本発明は、自動車用の熱交換器等に使用されるブレージングシートとするアルミニウム合金クラッド材に関する。
自動車に搭載されるラジエータ、コンデンサー、エバポレーター等の熱交換器は、軽量で熱伝導性に優れるアルミニウム合金の板材を成形、組み立て、ろう付けして製造されることが多い。このようなアルミニウム合金板は、例えばラジエータ等のチューブとした場合、外面は大気に曝され、内面は冷却水に曝される。これらの腐食環境に曝されると、局所的に腐食(孔食)が進行して、貫通孔形成に至る虞がある。チューブ外面の防食対策としては、チューブを形成するアルミニウム合金よりも電位の卑なAl−Zn合金等で形成したフィン材を接触させる、いわゆる陰極防食法(電気防食法)が一般的であり、効果的であることが知られている。チューブ内面の防食対策としても陰極防食法が適用される場合が多く、具体的には、基材(心材)のアルミニウム合金に対して電位の卑なAl−Zn合金等を犠牲陽極材として内面側(腐食環境側)に積層したクラッド材でチューブを形成することが一般的であり、さらに冷却水に腐食抑制剤(インヒビター:inhibitor)を添加することも併用されている。また、前記ろう付けのため、さらに片面または両面にAl−Si合金からなるろう材がクラッドされたクラッド材(ブレージングシート)とされることも多い。一方、機器の軽量化と小型化の観点から熱交換器材料の薄肉化が要求されており、例えば板厚0.4mmから0.2mmの薄肉材が使用されている。

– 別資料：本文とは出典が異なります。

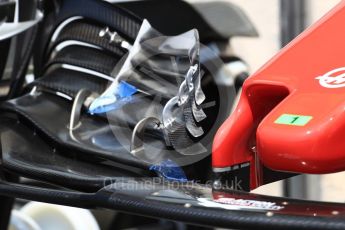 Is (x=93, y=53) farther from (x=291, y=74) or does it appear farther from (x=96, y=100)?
(x=291, y=74)

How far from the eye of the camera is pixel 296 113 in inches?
16.8

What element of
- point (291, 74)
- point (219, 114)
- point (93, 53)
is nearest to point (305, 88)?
point (291, 74)

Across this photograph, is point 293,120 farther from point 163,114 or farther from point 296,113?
point 163,114

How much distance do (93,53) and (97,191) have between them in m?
0.23

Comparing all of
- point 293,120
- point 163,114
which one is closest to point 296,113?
point 293,120

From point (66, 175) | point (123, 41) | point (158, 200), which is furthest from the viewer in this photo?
point (123, 41)

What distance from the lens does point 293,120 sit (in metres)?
0.42

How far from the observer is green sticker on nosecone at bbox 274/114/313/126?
0.42 meters

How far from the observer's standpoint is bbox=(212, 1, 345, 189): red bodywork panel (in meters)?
0.41

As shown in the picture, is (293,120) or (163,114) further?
(163,114)

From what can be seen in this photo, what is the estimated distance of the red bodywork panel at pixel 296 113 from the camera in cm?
41

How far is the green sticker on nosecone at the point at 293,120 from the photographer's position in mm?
416

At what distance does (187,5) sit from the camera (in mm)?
749

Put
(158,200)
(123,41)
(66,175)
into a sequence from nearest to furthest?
(158,200)
(66,175)
(123,41) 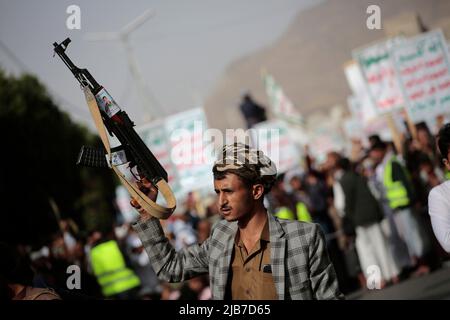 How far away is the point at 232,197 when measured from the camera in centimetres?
335

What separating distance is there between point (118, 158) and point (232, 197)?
0.54 metres

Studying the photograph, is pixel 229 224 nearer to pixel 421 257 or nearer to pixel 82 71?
pixel 82 71

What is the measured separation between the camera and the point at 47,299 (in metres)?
3.10

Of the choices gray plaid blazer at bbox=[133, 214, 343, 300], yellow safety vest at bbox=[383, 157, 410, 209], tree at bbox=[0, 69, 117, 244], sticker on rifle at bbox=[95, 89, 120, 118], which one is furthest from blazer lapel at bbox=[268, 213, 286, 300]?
tree at bbox=[0, 69, 117, 244]

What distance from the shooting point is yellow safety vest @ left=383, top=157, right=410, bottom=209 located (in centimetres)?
966

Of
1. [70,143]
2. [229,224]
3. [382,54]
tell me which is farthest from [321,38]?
[229,224]

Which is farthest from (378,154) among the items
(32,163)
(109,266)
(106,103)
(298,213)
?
(32,163)

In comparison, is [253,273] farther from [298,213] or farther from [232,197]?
[298,213]

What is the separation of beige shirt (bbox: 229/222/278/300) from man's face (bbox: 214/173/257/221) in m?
0.14

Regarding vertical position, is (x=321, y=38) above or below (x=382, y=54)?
above

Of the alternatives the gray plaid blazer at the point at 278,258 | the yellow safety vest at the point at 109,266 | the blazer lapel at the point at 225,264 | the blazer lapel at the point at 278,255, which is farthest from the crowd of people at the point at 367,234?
the blazer lapel at the point at 278,255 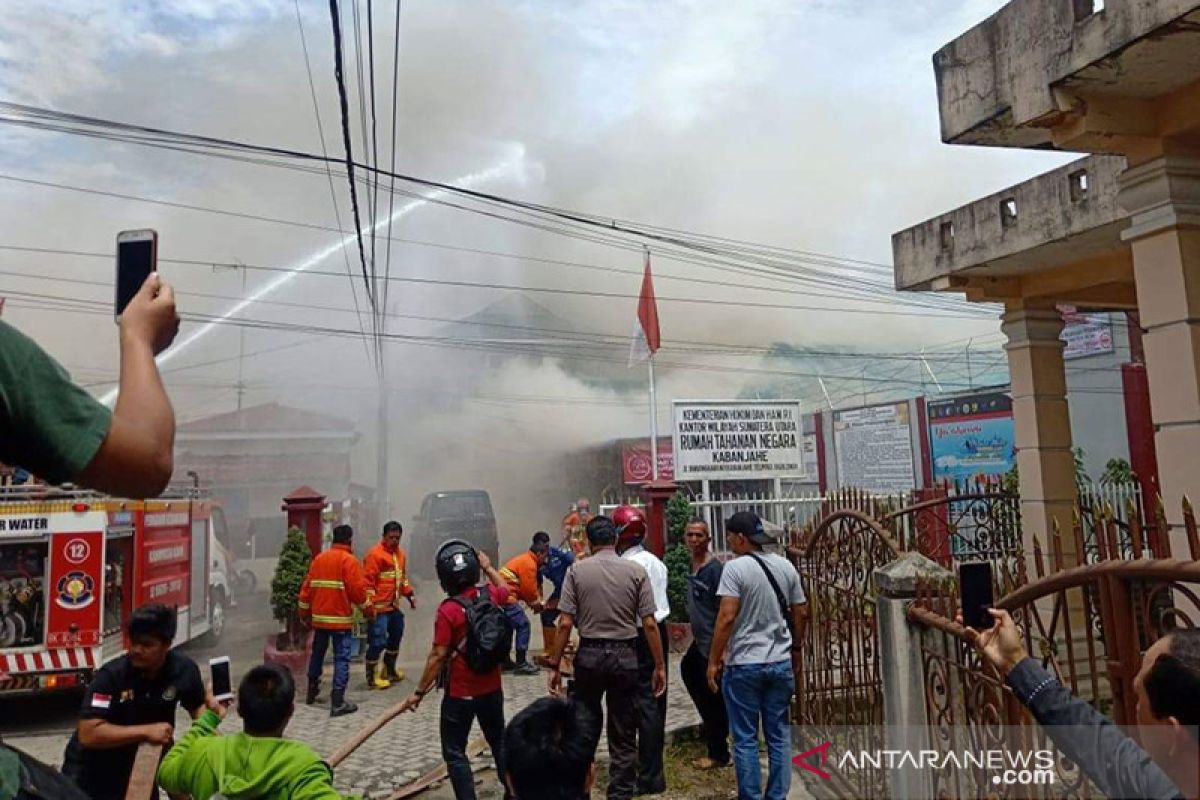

このような薄肉材としても熱交換器に必要な強度および耐食性を備える熱交換器用アルミニウム合金材料として、例えば、特許文献1には、Si,Fe,Cu,Mn,Mgを適量添加して、所定条件で最終焼鈍して強度を向上させ、さらに適量のZnと前記Mnにより耐食性を向上させたアルミニウム合金管材が開示されている。また、特許文献2には、心材および犠牲陽極材に、強度を向上させるMnに加え、Si,Feを多量に添加して、Al−Mn−Fe−Si系化合物を多量に析出させ、成形性を向上させて成形時の犠牲陽極材の偏肉を抑え、また前記化合物を腐食の起点として分散させることで孔食を防止するアルミニウム合金クラッド材が開示されている。また、特許文献3には、Al−Mn合金からなる心材の一方の面にAl−Mg−Zn合金からなる犠牲陽極材を、他方の面にAl−Si(−Zn)合金からなるろう材を積層させ、所定条件の2回の中間焼鈍を行うことで、冷間圧延による犠牲陽極材の層厚のばらつきを低減して、薄肉化しても心材が露出しないようにしたアルミニウム合金クラッド材が開示されている。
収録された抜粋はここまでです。